Financial governance for charities
Based on our contribution to the Stone King Charity Essentials newsletter
We all know that it is only by spending that charities can fulfil their charitable purpose and that retaining it deprives current beneficiaries of support. This is a product of the ‘never sell the family silver’ mindset. There is always a time and a place for that, but charities have made so much money over the last ten years (often doubling their portfolios) that now is a good time to loosen the purse strings and fund their purposes after so many years of austerity.
This is easy enough to say, but how are trustees to decide on what to spend and what to keep, especially when so much has come in the form of capital gains and not income? Often we suggest to clients that they split their funds between short-term funds (with safety in mind) and long term funds (with higher returning investments). Where we help trustees most is in thinking through how much they might allocate their capital to each fund, and it is this that often helps trustees release surplus money to fund and deliver a long cherished strategic initiative. This can be followed by a review of the investment and spending policies which will help put the charity on a financially secure footing for the future.
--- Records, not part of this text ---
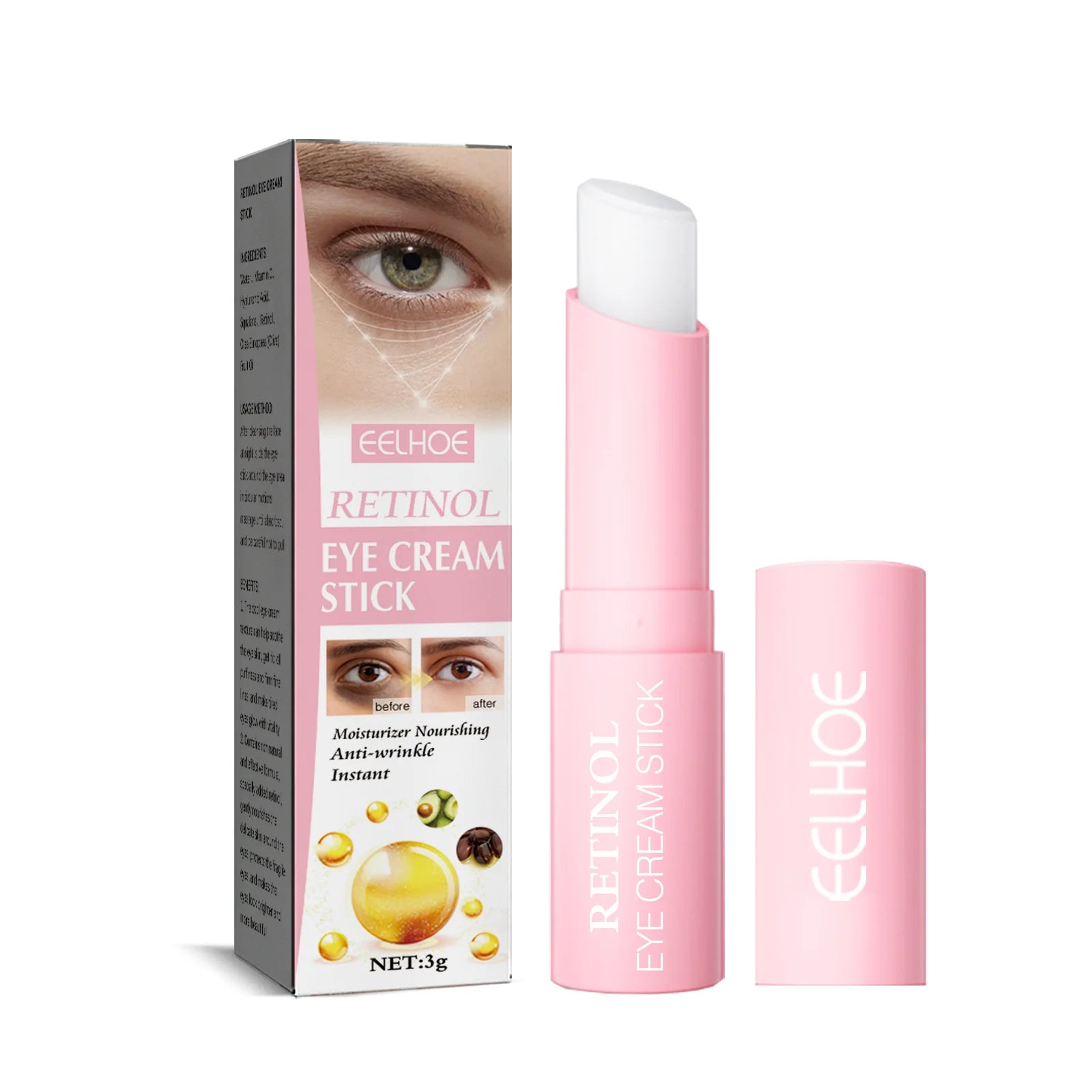 Retinol Eye Cream Stick Lifting Fade Fine Line Remove Dark Circles Eye Bags Anti Puffiness Moisturizing Smoothing Eye Skin Care Oasis Select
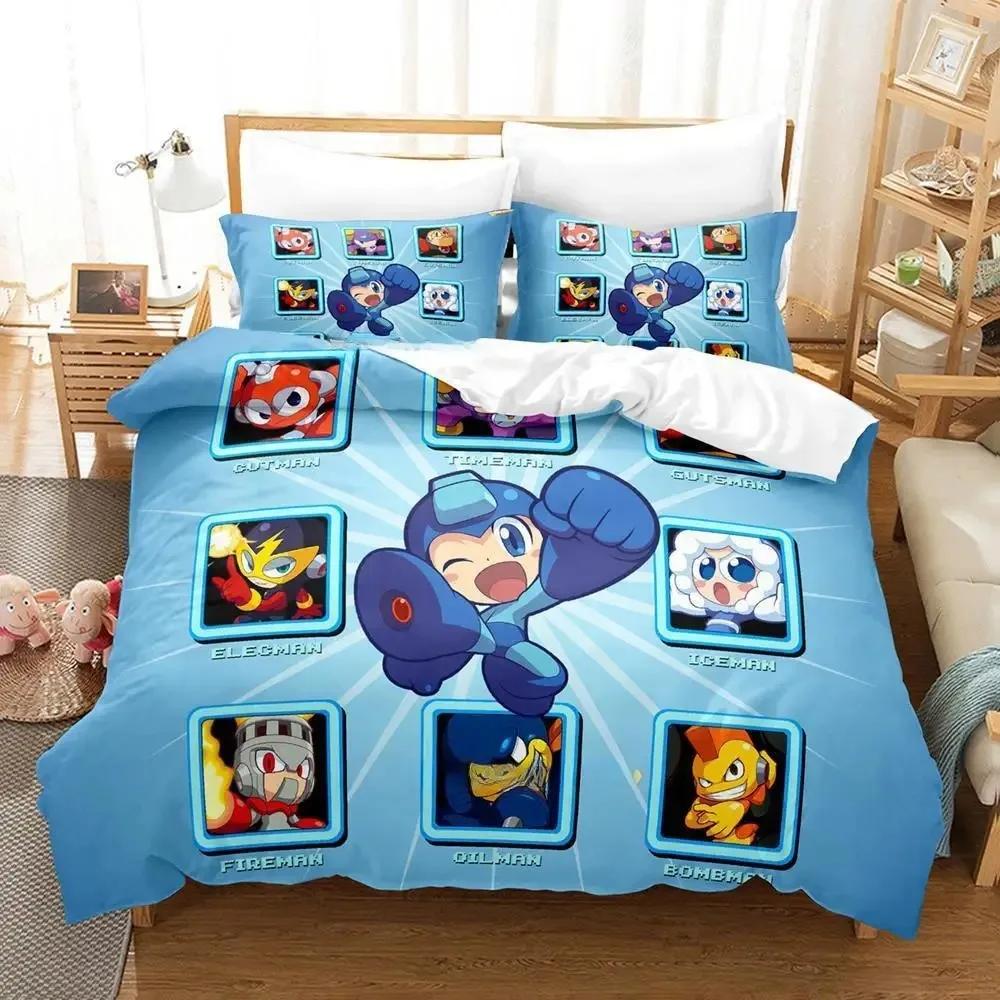 Mega Man X DiVE Комплект постельного белья Односпальный Двуспальный Полный Королевский Размер Размеры Комплект постельного белья Для взрослых Детская спальня Пододеяльник Комплекты 3D Аниме Кровать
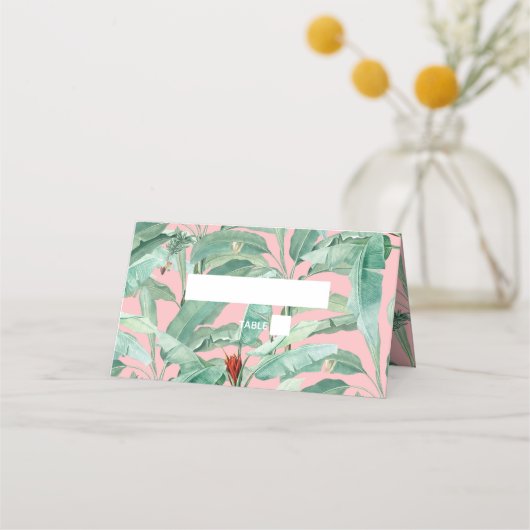 Rosa tropische Bananenpalme Blätter Hochzeit Platzkarte (Vorderseite)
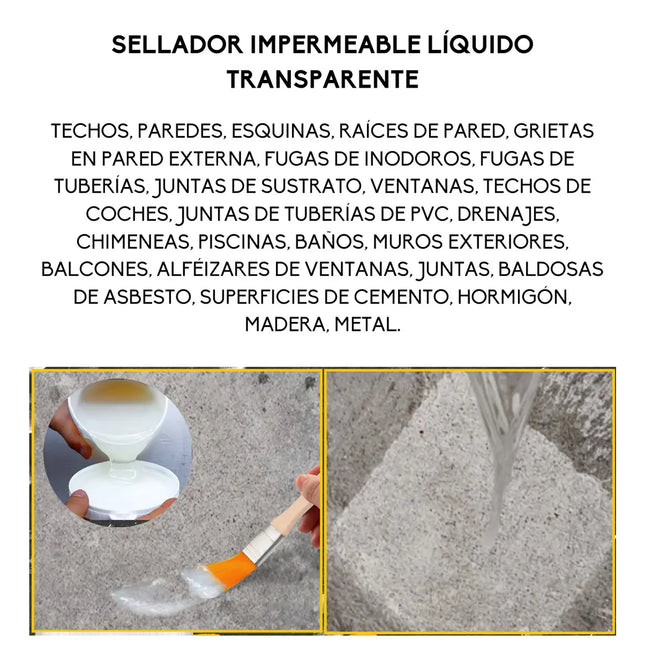Tapagoteras Sellador Impermeabilizante Líquido 300g + Brocha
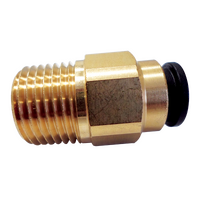 John Guest Brass Straight Adaptor 12mm x 1/2"NPT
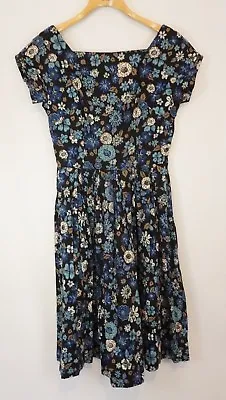 Mr Mort Dress Vtg 50s Floral Cotton Full Pleated Skirt Party Dress Modern 4/6 • $31.20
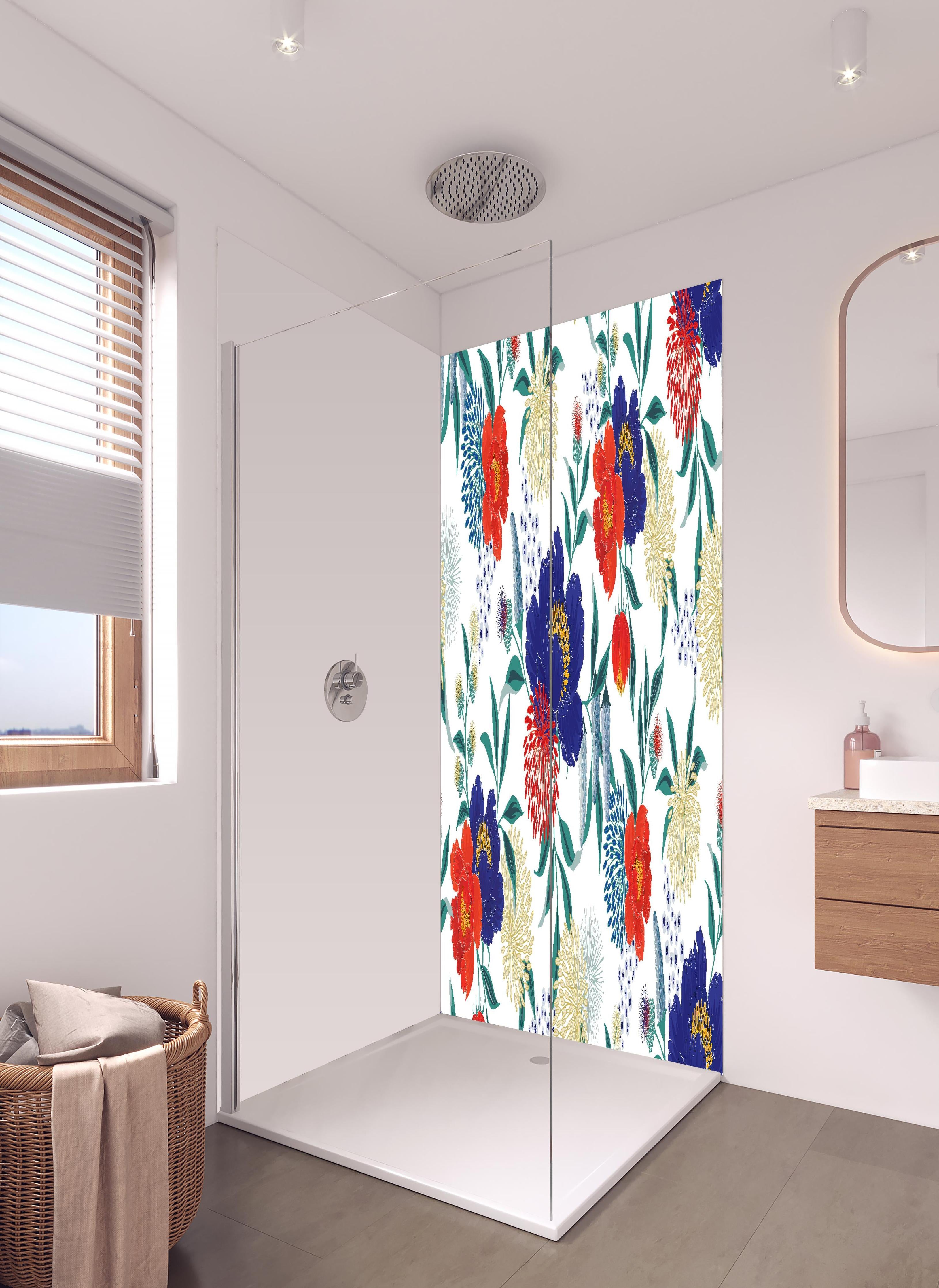 Duschrückwand - Bunte Blumenmuster Wandtapete Design in hellem Badezimmer mit Regenduschkopf - zweiteilige Eck-Duschrückwand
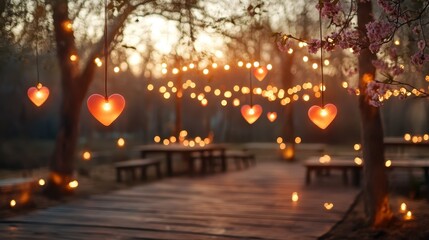 The image depicts a serene outdoor setting adorned with hanging hearts and soft glowing lights, creating an enchanting atmosphere of love and warmth during twilight.
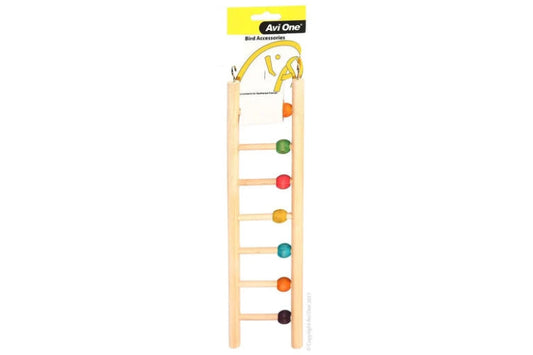 Avi One Bird Toy - Wooden Ladder 7 Rung W/Beads - The Chook Barn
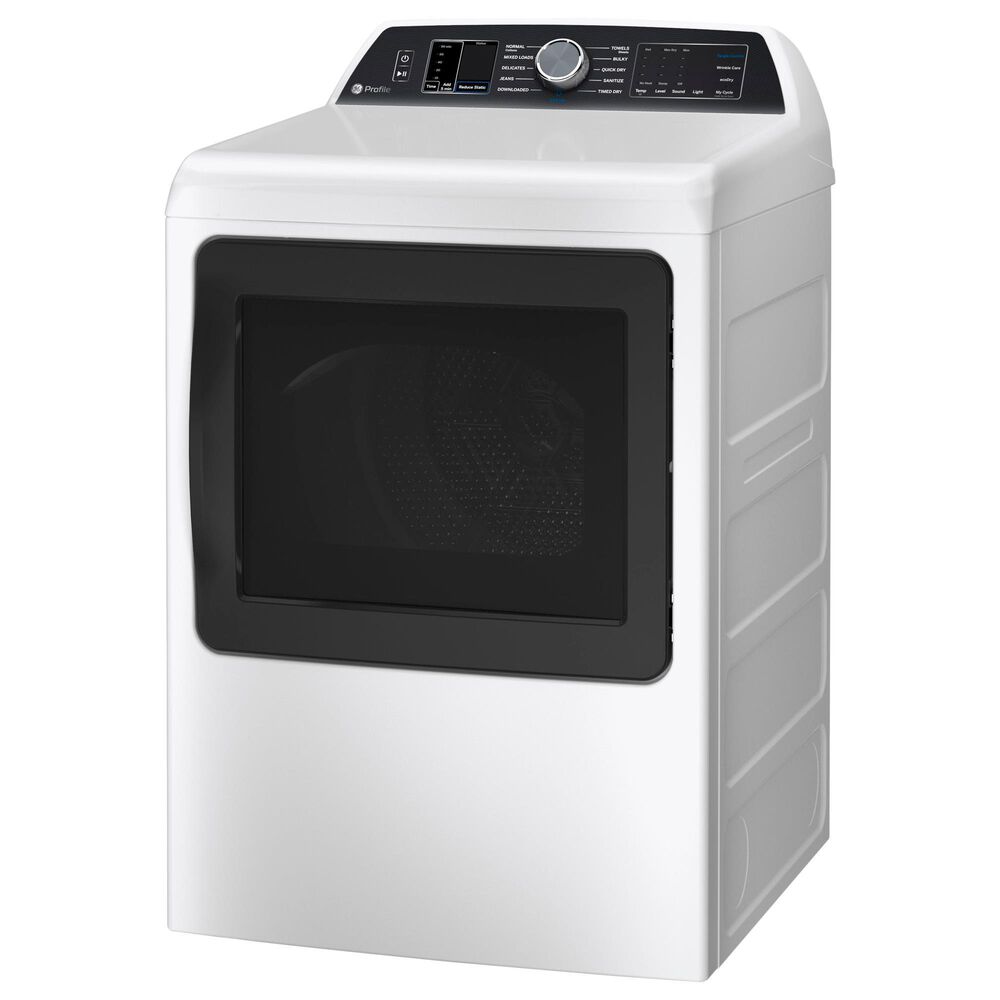 GE Profile 7.4 Cu. Ft. Smart Electric Dryer with Sanitize Cycle and Sensor Dry in White, , large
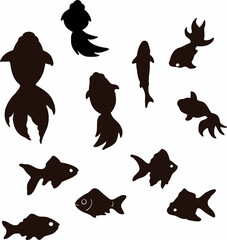 金魚　きんぎょ　魚　シルエット　影絵　切り絵　夏　手描き　アナログ　イラスト素材セット
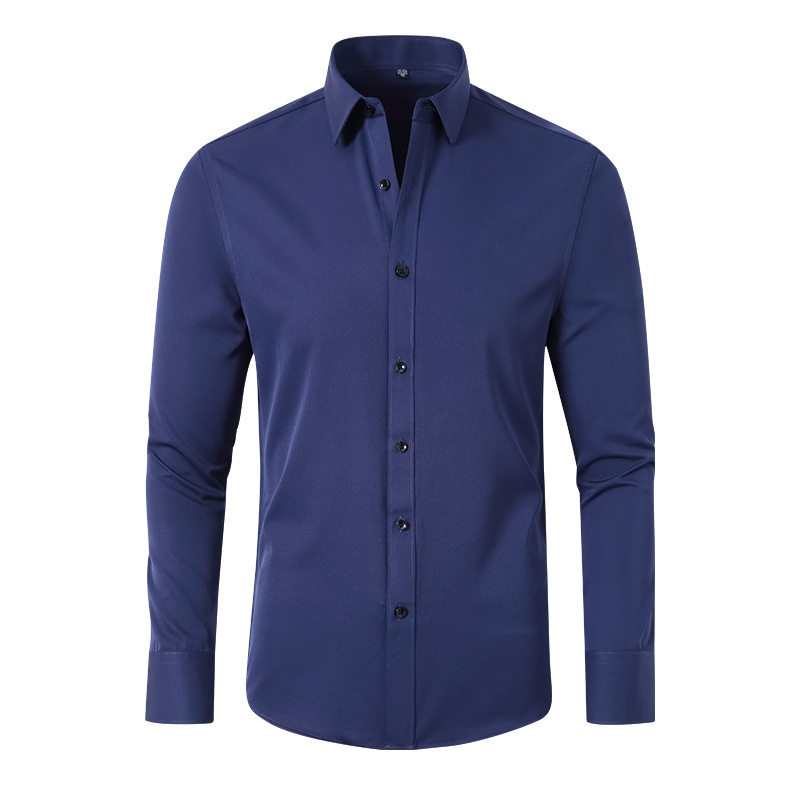 Amazon de cuatro lados de la camisa elástica de los hombres SLIM-Fit delgada camisa de los hombres del músculo anti-arrugas no-planchar cross-border ropa de los Hombres Calientes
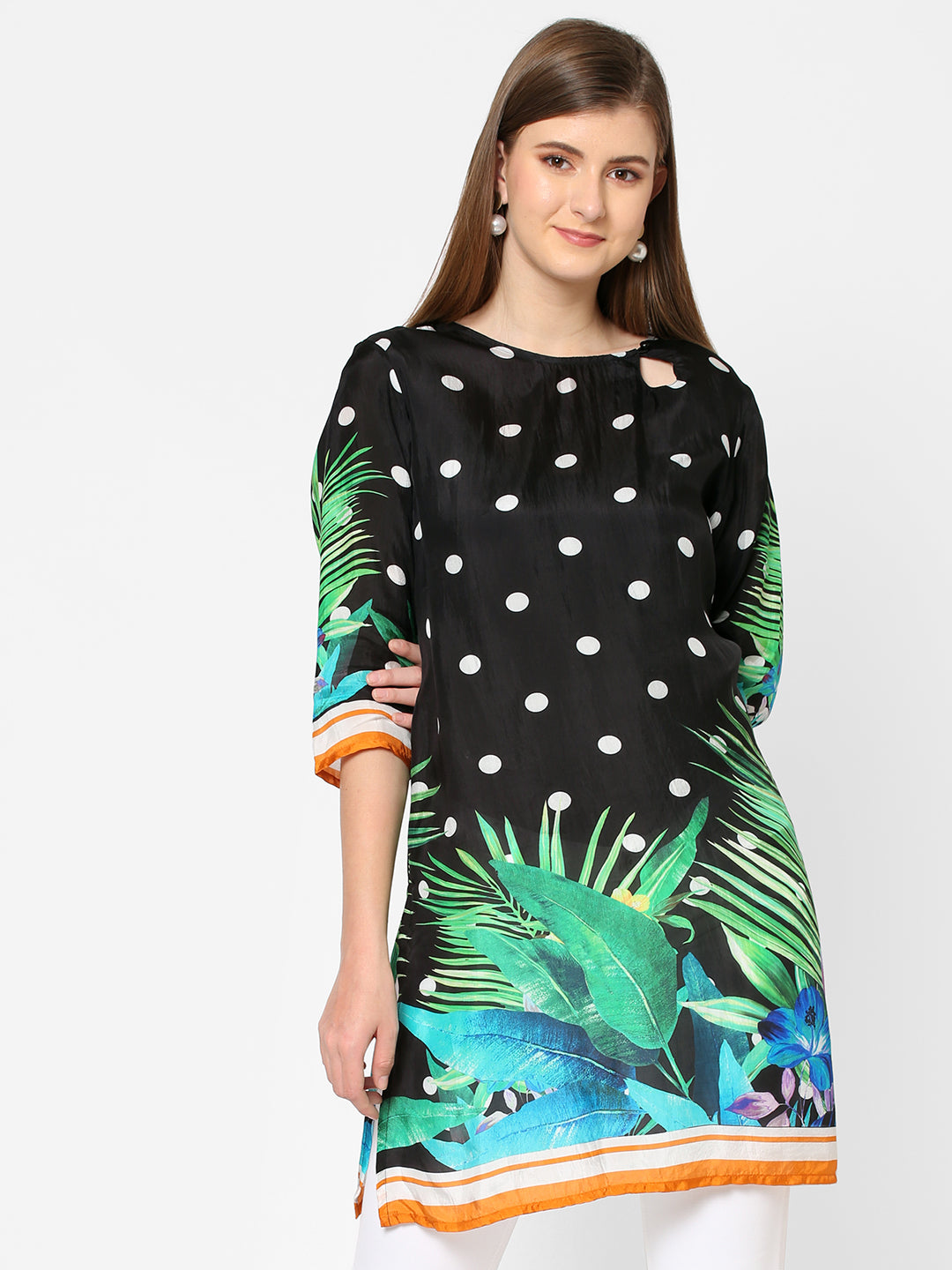 Dots & Leaves Black Printed Kurti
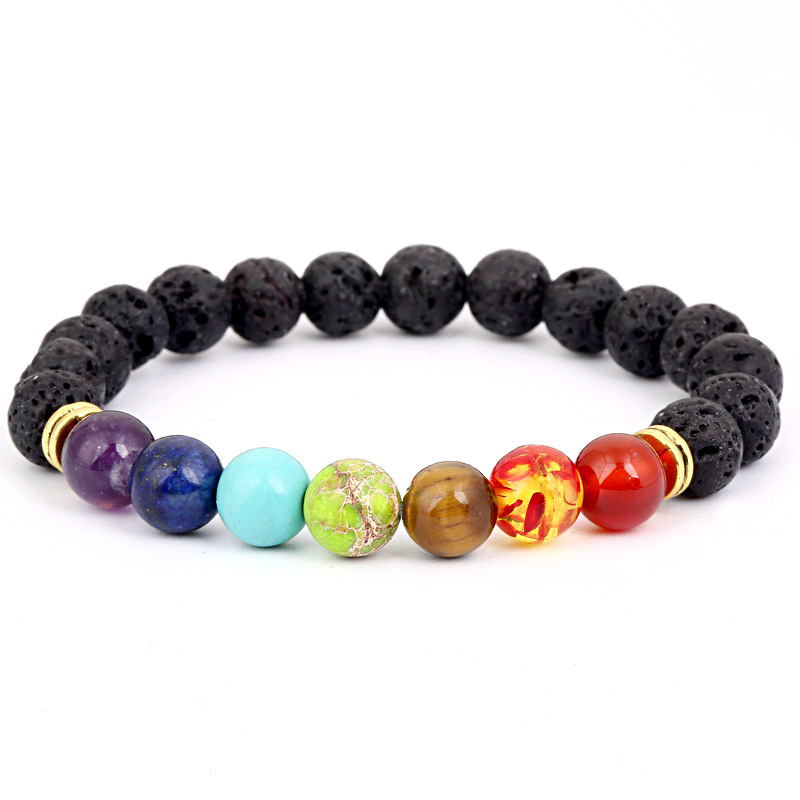 2020 Cross-Border Seven-Pulse Wheel Alloy Ornament Volcanic Rock Aromatherapy Beaded Bracelet Stone Yoga Bracelet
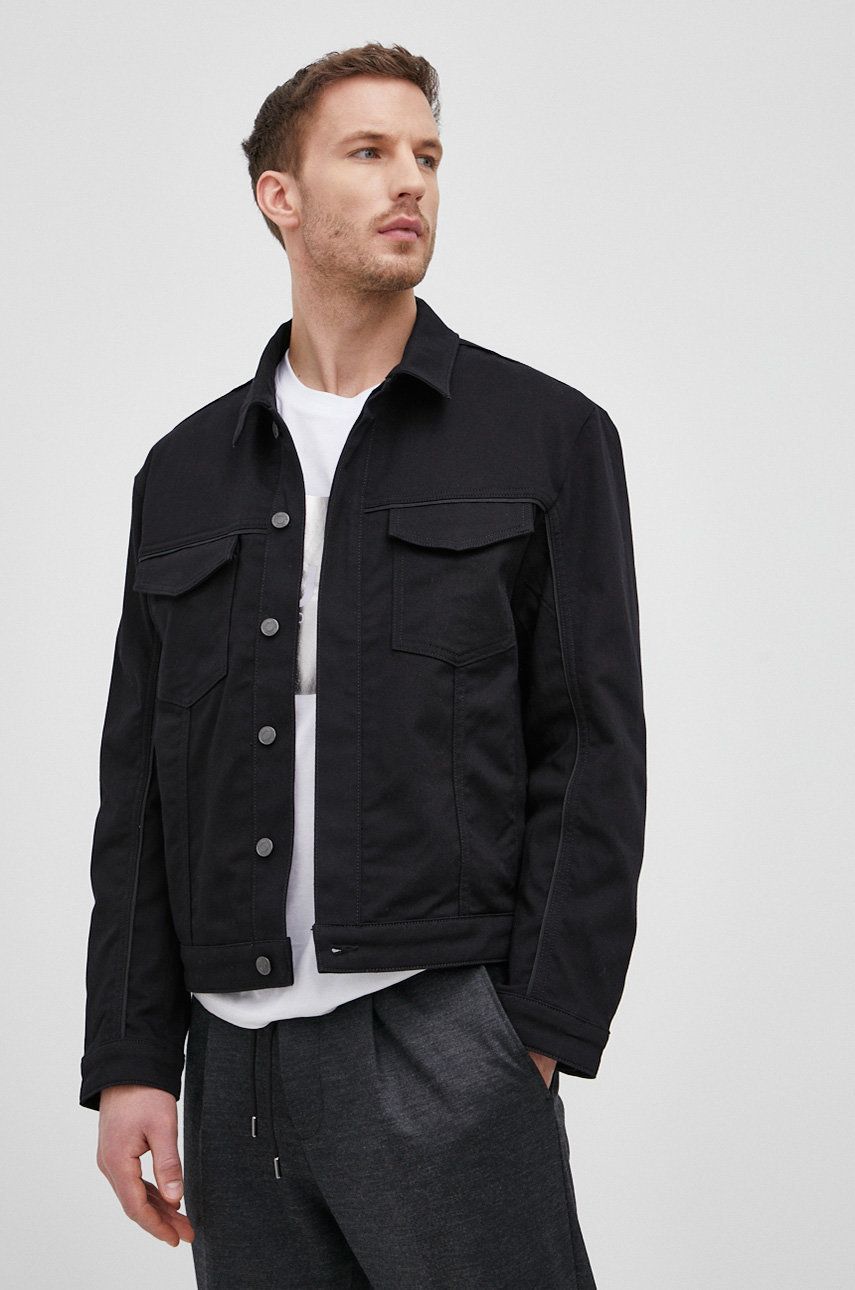 Hugo geaca jeans barbati, culoarea negru, de tranzitie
It is vital that investments are reviewed in the broad context of the charity’s complete financial picture. So often, an investment portfolio is viewed in isolation, and primarily for return. The overall financial security of the charity has to be understood in the context of the available income, why the reserves are there and how they are being spent.
Sometimes trustees can look down the wrong end of the telescope when searching for a solution making the small things look bigger and the big issues look less important. Unless the review is begun from the correct end, the outcome can cost the organisation considerably more than the price of the review itself.
We are often contacted by charities to evaluate their fund managers with a view to improving performance and generating more money to spend. What makes these projects so interesting (and untypical of most charity investment reviews) was that the investments were not the problem; it was how trustees think about their reserves.